> **Problem to work on**
Type out the lines below exactly, pictures excluded.

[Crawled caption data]
* * *

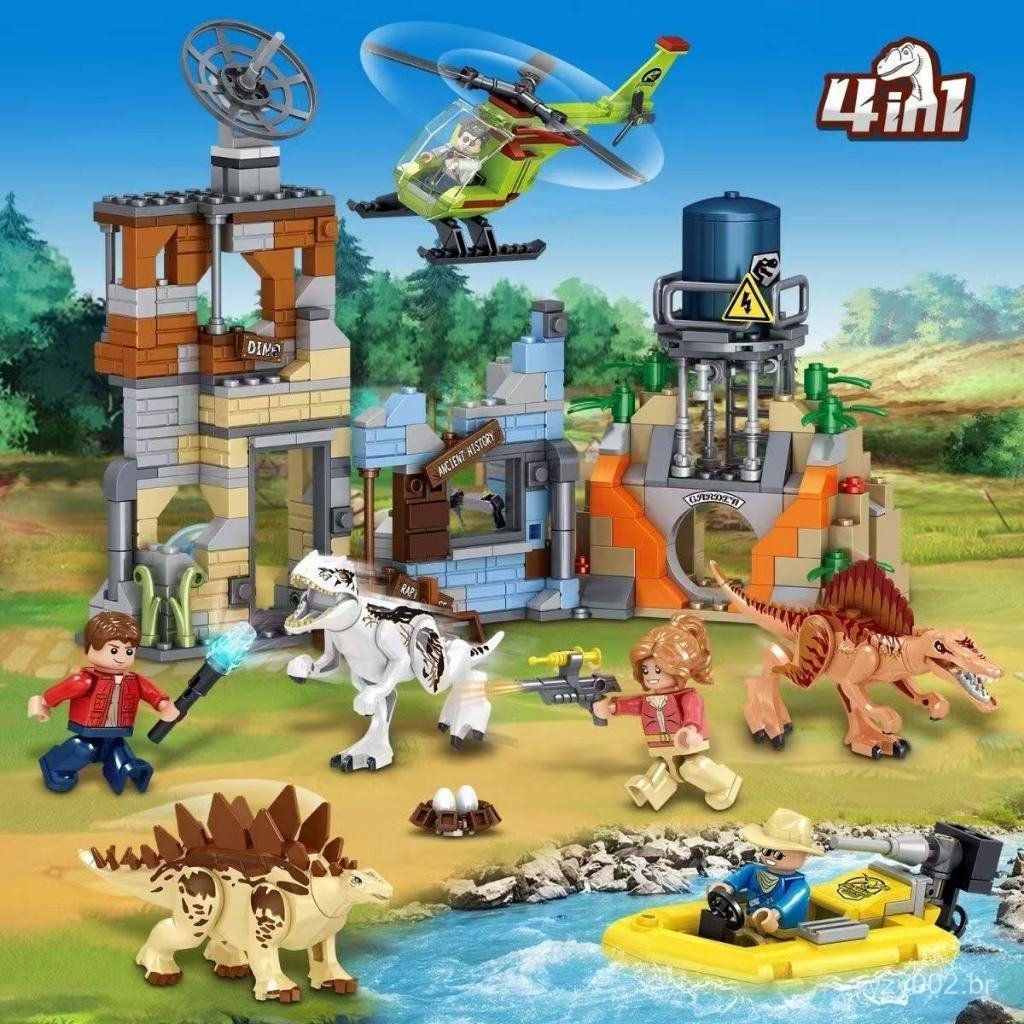 Blocos de montar Lego, série de aventuras com dinossauros, modelo de helicóptero de fuga Tyrannosaurus Spinosaurus para
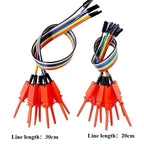 10Pcs Test Hook Clips with 20/30cm Male Header Jumper Wires & SOIC IC Grabber, Test Hook Clips to Dupont Wire for Power Supply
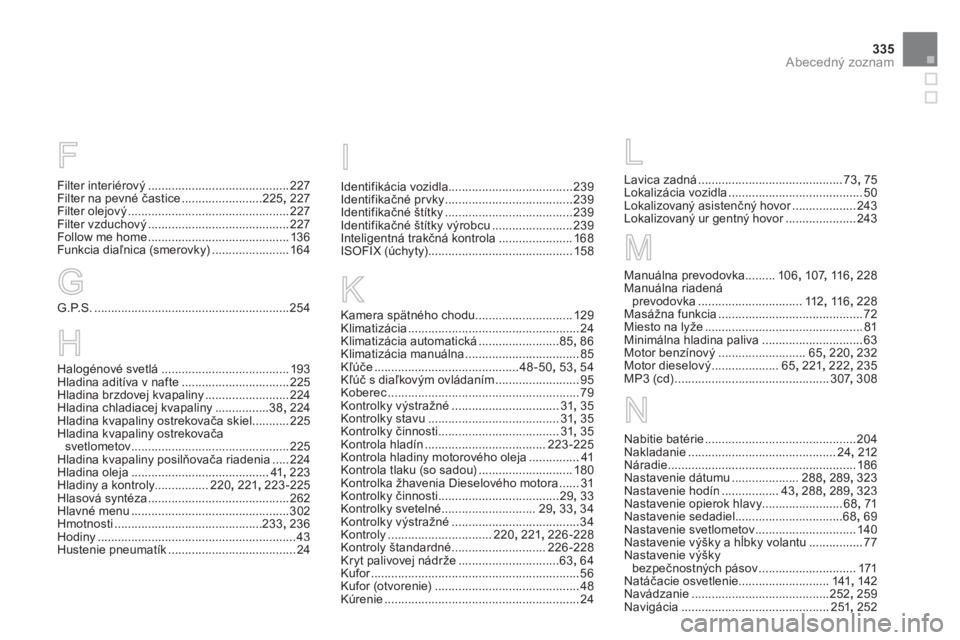 CITROEN DS5 2012  Návod na použitie (in Slovak) 335
Abecedný zoznam
F
Filter interiérový ..........................................227Filter na pevné častice........................225,227Filter olejový........................................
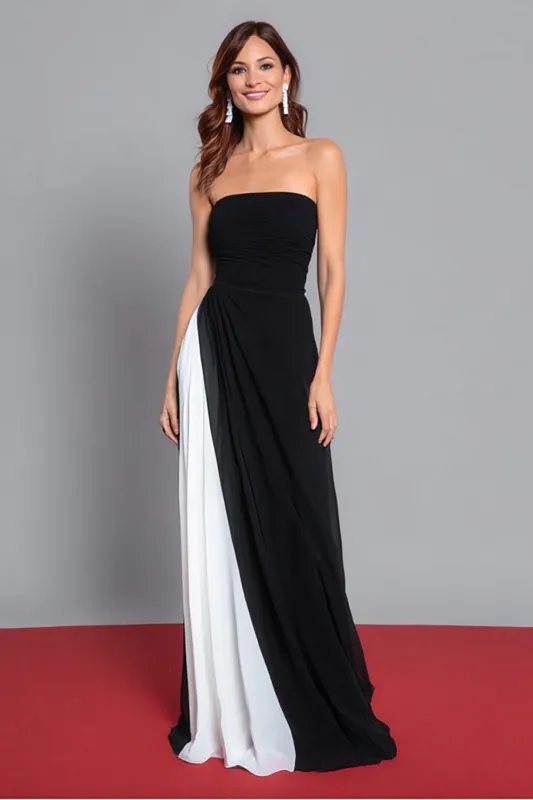 Black and White Sheath Strapless Ruched Long Formal Dress sold by Zapaka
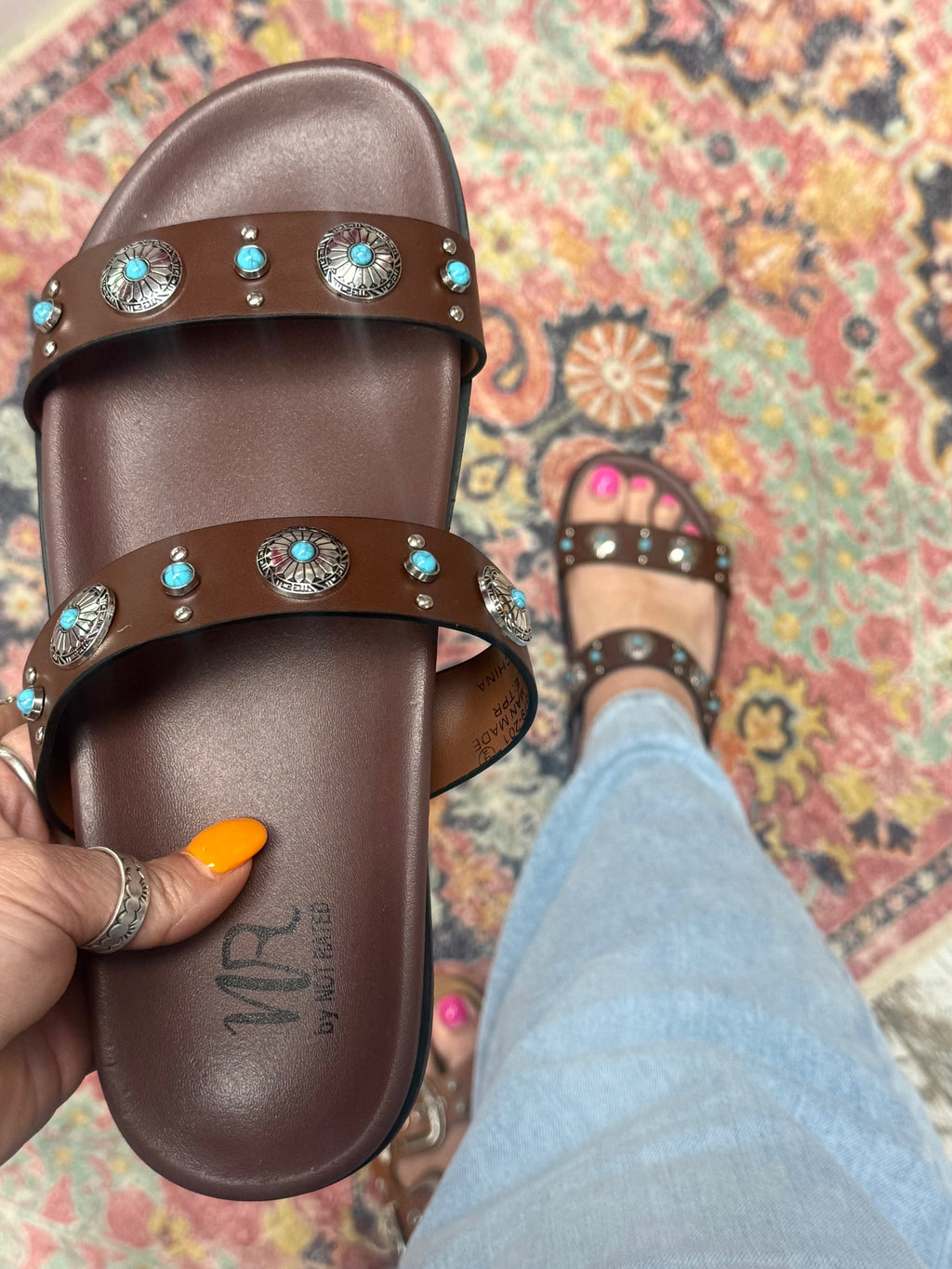 Not Rated Western Concho with Turquoise Sandal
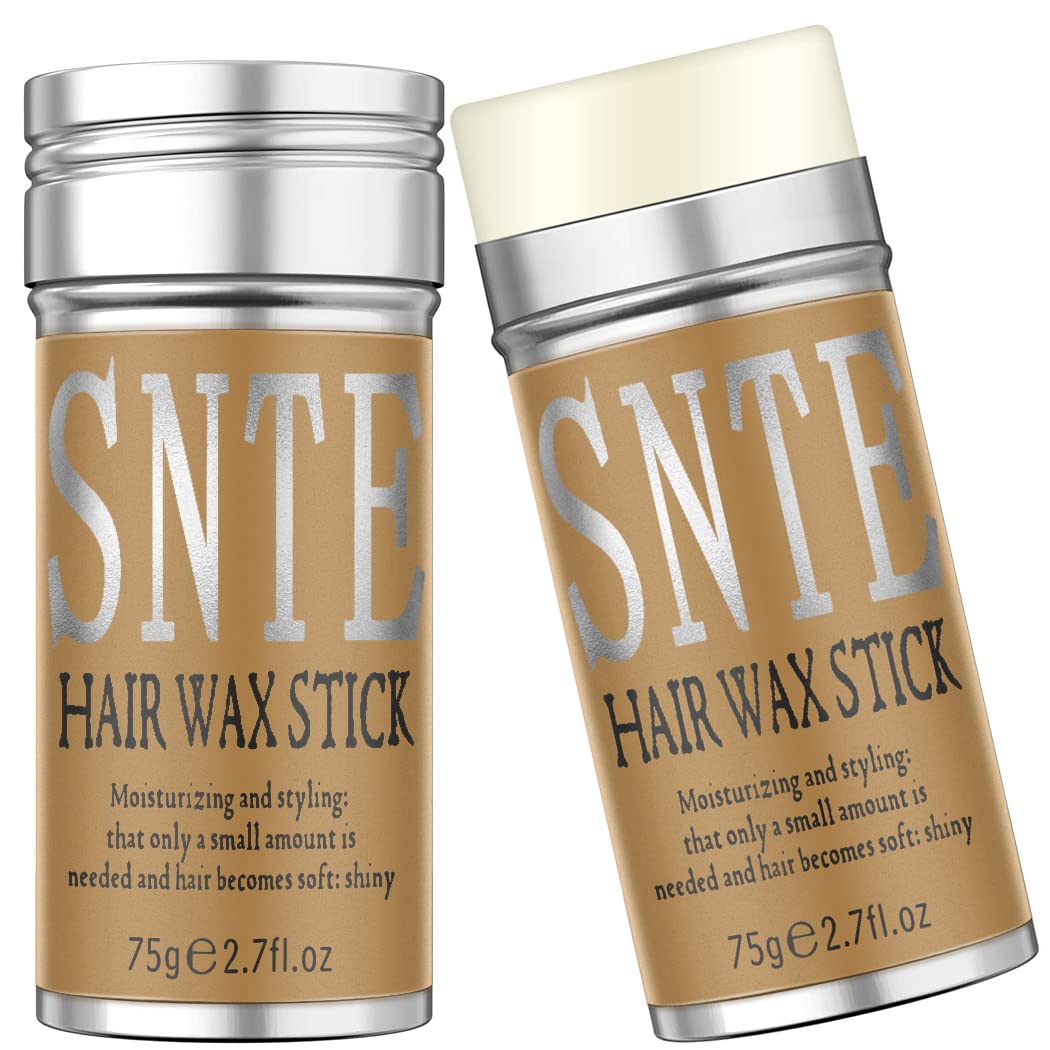 Hair Wax Stick, 2pcs - Wax Stick for Hair Wigs Flyaway Hair Tamer Stick for Smoothing Flyaways & Taming Frizz, Flyaways Hair Stick Hair Wax for Women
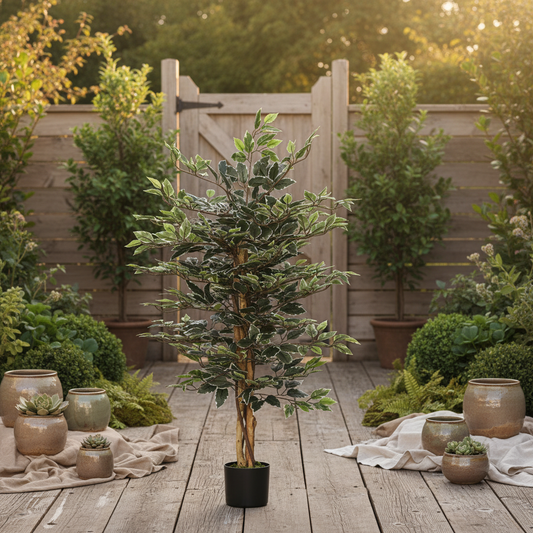Diraco Set Of 2 Artificial Ficus Style Trees For Indoor Decorative Use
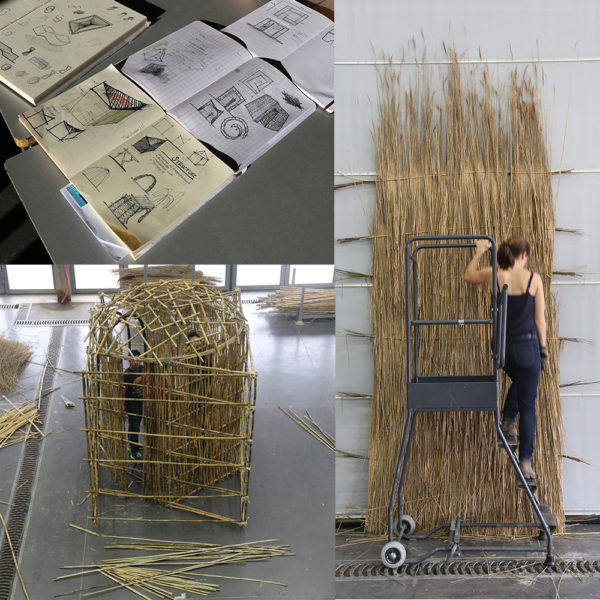 Construction de micro-architectures en fibres végétales par les étudiants de master de l’ENSA de Clermont-Ferrand © amàco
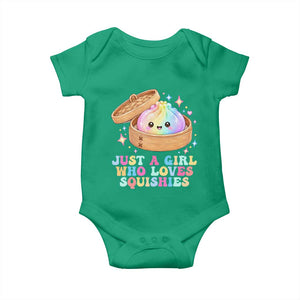 Just A Girl Who Loves Squishies Baby Onesie Cute Rainbow Dumpling Squishy Graphic TS10 Irish Green Print Your Wear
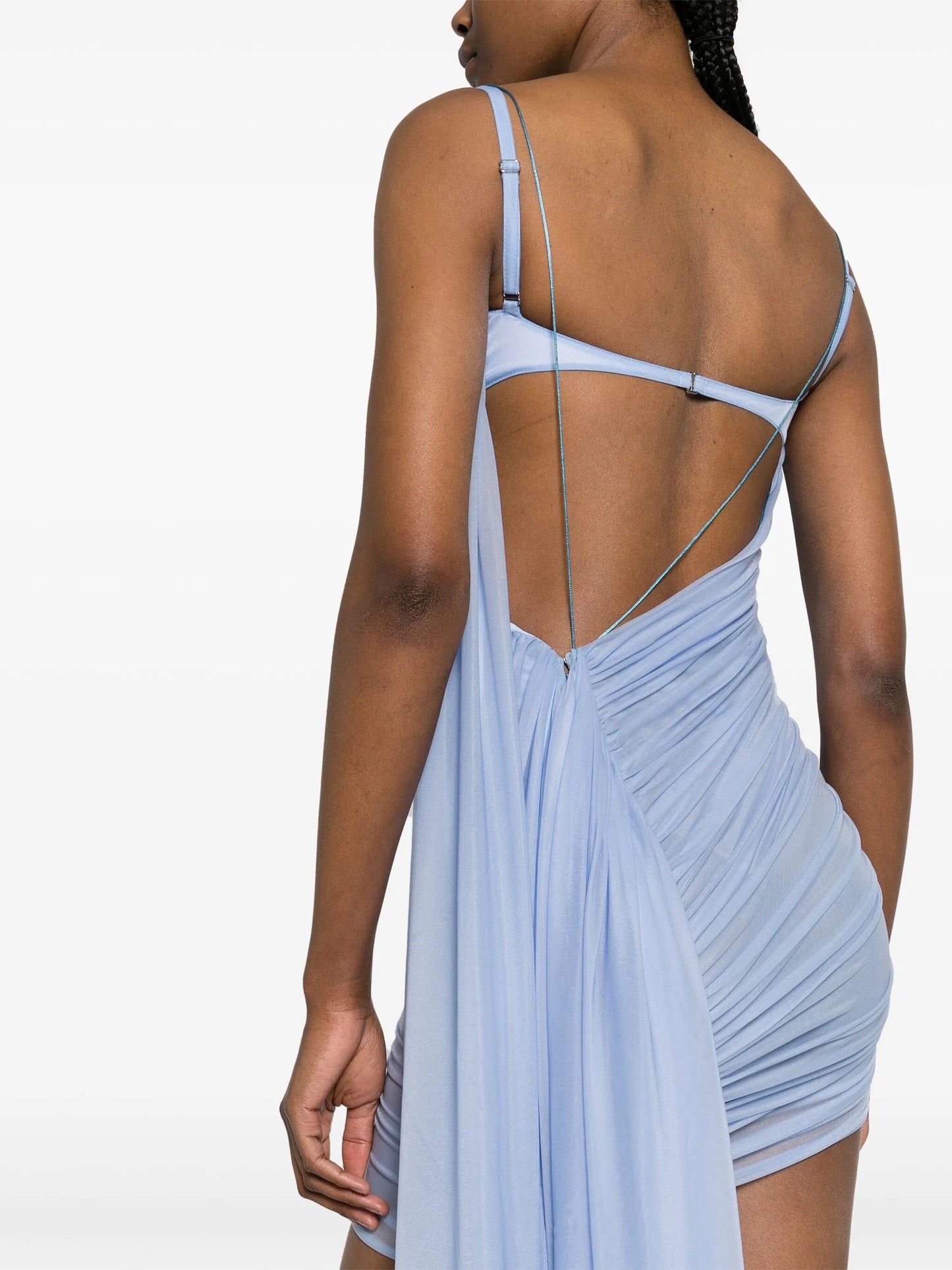 draped mini dress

* * *

> **Result**
 Blocos de montar Lego, série de aventuras com dinossauros, modelo de helicóptero de fuga Tyrannosaurus Spinosaurus para
 10Pcs Test Hook Clips with 20/30cm Male Header Jumper Wires & SOIC IC Grabber, Test Hook Clips to Dupont Wire for Power Supply
 CITROEN DS5 2012  Návod na použitie (in Slovak) 335
Abecedný zoznam
F
Filter interiérový ..........................................227Filter na pevné častice........................225,227Filter olejový........................................
 Black and White Sheath Strapless Ruched Long Formal Dress sold by Zapaka
 Not Rated Western Concho with Turquoise Sandal
 Hair Wax Stick, 2pcs - Wax Stick for Hair Wigs Flyaway Hair Tamer Stick for Smoothing Flyaways & Taming Frizz, Flyaways Hair Stick Hair Wax for Women
Diraco Set Of 2 Artificial Ficus Style Trees For Indoor Decorative Use
 Construction de micro-architectures en fibres végétales par les étudiants de master de l’ENSA de Clermont-Ferrand © amàco
 Just A Girl Who Loves Squishies Baby Onesie Cute Rainbow Dumpling Squishy Graphic TS10 Irish Green Print Your Wear
 draped mini dress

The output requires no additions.